This global pattern might be caused by the multifactorial nature of SDMT, which relies on visual, attentional, memory, and motor components rather than a single functional system.
Excluding lesions had a clear impact on the associations with SDMT (see Supplementary Figure 4). The largest change was observed in the ATR, where RD decreased from ρ = −0.43 to ρ = −0.37. Additional decreases were noted in FMa (RK: ρ = 0.41 to 0.38; f: ρ = 0.37 to 0.33) and OR (f: ρ = 0.43 to 0.39). These results indicate that, compared to other clinical measures, SDMT correlations are more affected by lesion exclusion, though NAWM pathology still accounts for the majority of associations.

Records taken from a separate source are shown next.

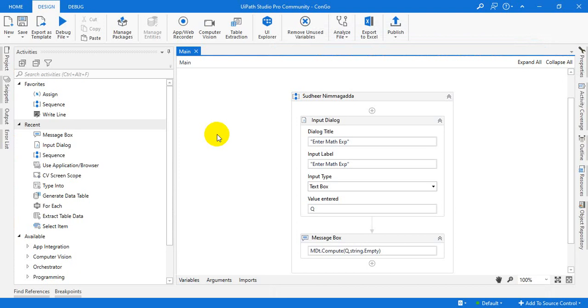Because you don't know whether it will come as a plus or minus or into or anything, right? So you can just use the compute method for that.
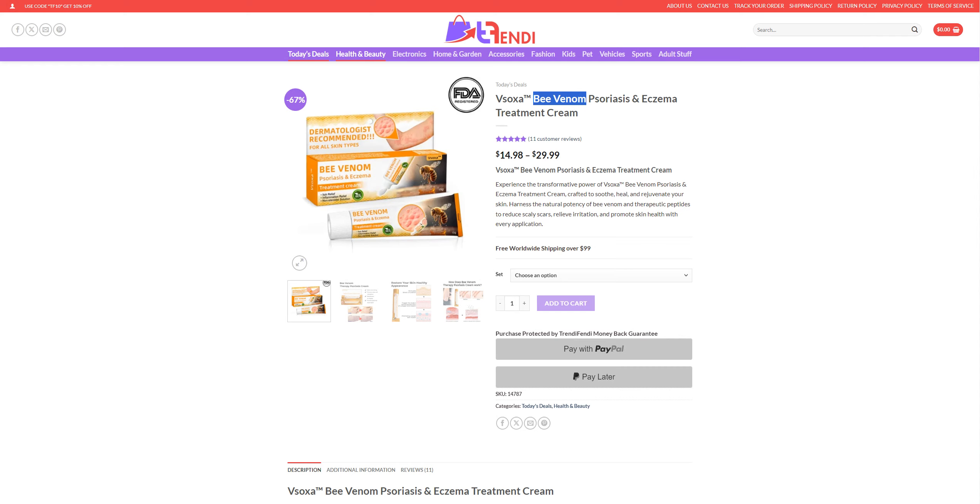Welcome back to the channel. This is Revyus. So today we are doing Venom B. It's a treatment cream which is used to treat your rashes and your wounds and stuff like that.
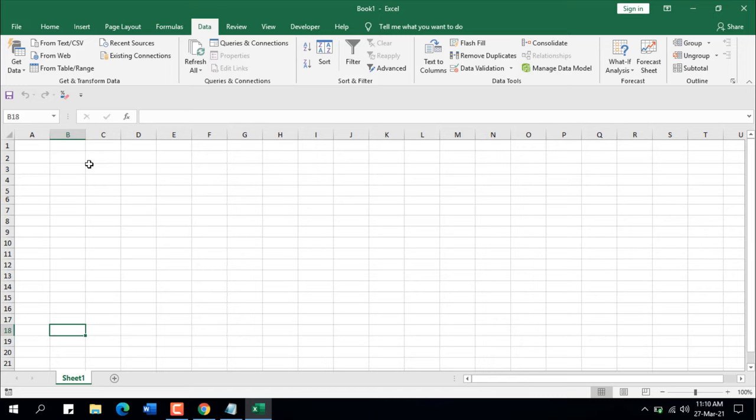So this is how you can use the Group and Ungroup feature in Microsoft Excel — or how you can show or hide rows and columns using the plus or minus sign. Thank you for watching, see you in the next tutorial. Don't forget to subscribe, and if you can, support the channel through patreon.com/excel10tutorial.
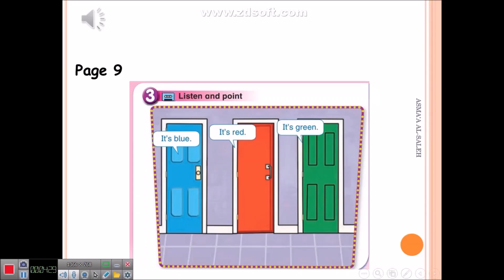People's Book, page 9, Unit 2. Exercise 3: Listen and point. It's blue. It's red. It's green. It's red. It's green. It's blue. It's green. It's red. It's green. It's blue.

Structural MRI measures similarly demonstrated strong correlations, with total WM (ρ = 0.49), thalamus (ρ = 0.47), and subcortical GM (ρ = 0.45) among the top volumetric measures. Lesion metrics also showed consistent correlations across categories (ρ = −0.40 to −0.46).
Together, these results show that SDMT performance is strongly associated with both WM microstructural integrity and GM/WM atrophy, but without a single dominant spatial pattern.

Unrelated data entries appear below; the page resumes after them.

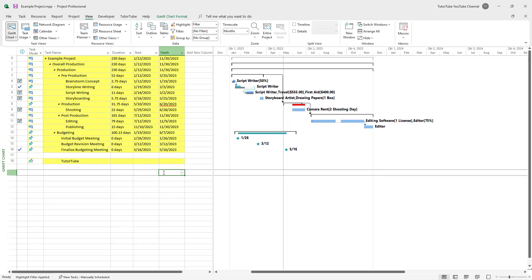And that is how you can utilize the highlight task option inside of Microsoft Project. So hope you guys learned something as always. And as always, please like, comment, share and subscribe.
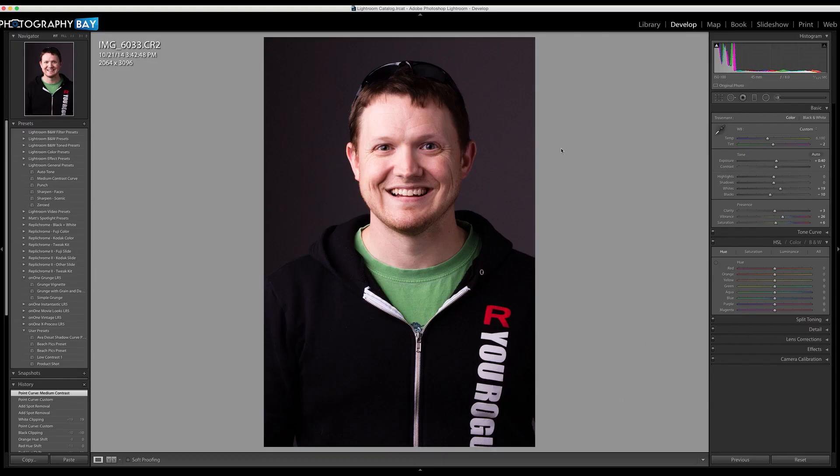Hey guys, what's up? This is Eric Reagan of Photography Bay, and I want to take a minute or two to show you how I deal with too much redness on people's faces using only Lightroom. Like a lot of you, I spend probably 95% of my time in Lightroom and try to figure out more and more ways to avoid having to go over to Photoshop at all, just to keep with the simple workflow.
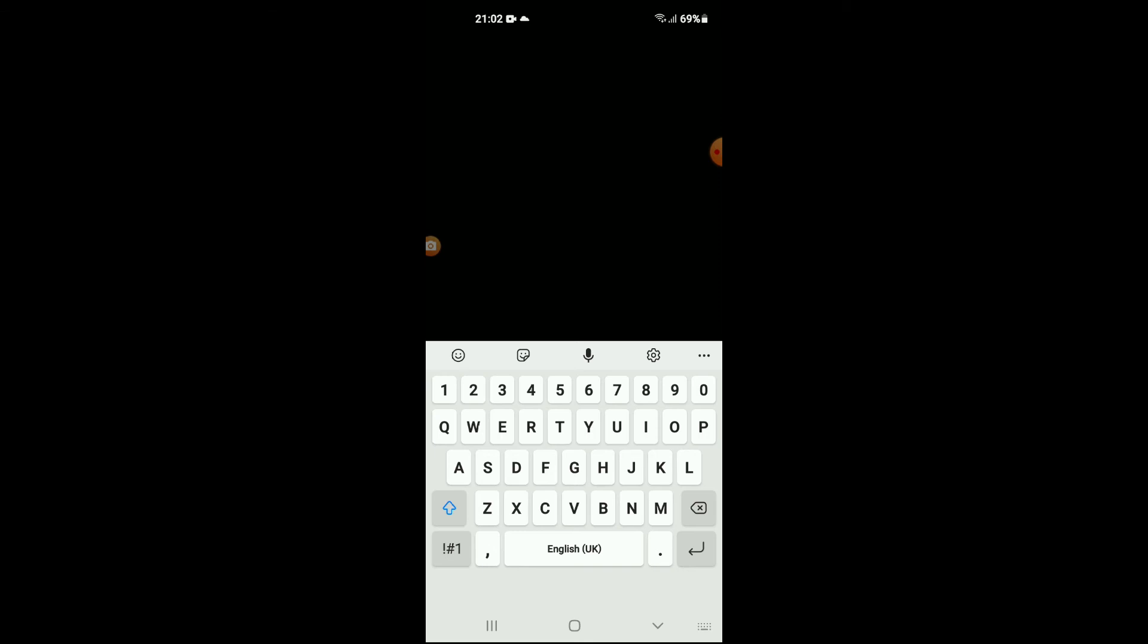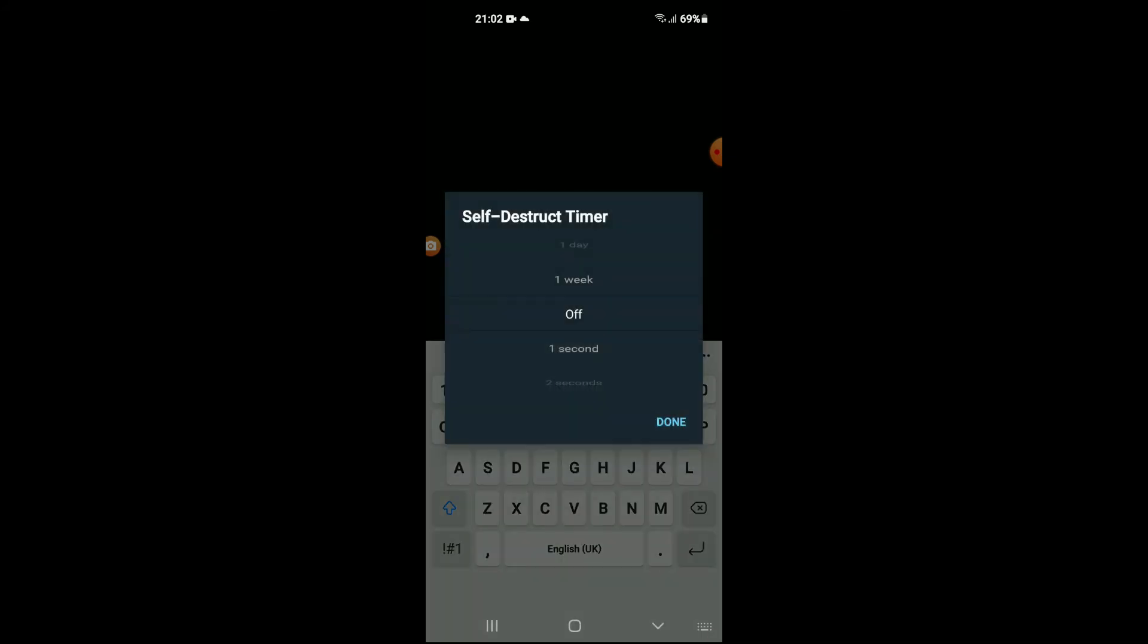their servers. And also have a self-destruct timer which is right in the top right hand corner that you can tap on right beside the three dots. And from here you can select the self-destruct timer, whether you want it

Correlation with Disease Duration
Voxelwise analysis revealed widespread correlations, whereas ROI-based analysis (Figure 6) showed more modest associations. The most consistent finding was in the commissural fibers, with reduced p2 in the FMa (ρ = −0.45) and FMi (ρ = −0.43), which indicates fiber misalignment that may be related to long-term disease effects. This commissural involvement mirrors the EDSS pattern and highlights a shared signature of cumulative burden. Additional correlations were observed in the ATR (RD: ρ = 0.37) and OR (RD: ρ = 0.33), though these were weaker than those linked to functional measures. No significant correlations were detected in the brainstem.
Figure 6. Correlations between imaging metrics and disease duration.
(a) Voxel-wise correlations between diffusion metrics and disease duration. Significant clusters (p ≤ 0.05, FWE-corrected) are shown within a white matter mask (FA > 0.2). Warm colors indicate positive correlations; cool colors indicate negative correlations. Results are displayed for radial diffusivity (RD), radial kurtosis (RK), intra-axonal volume fraction (f), and fiber dispersion index (p2).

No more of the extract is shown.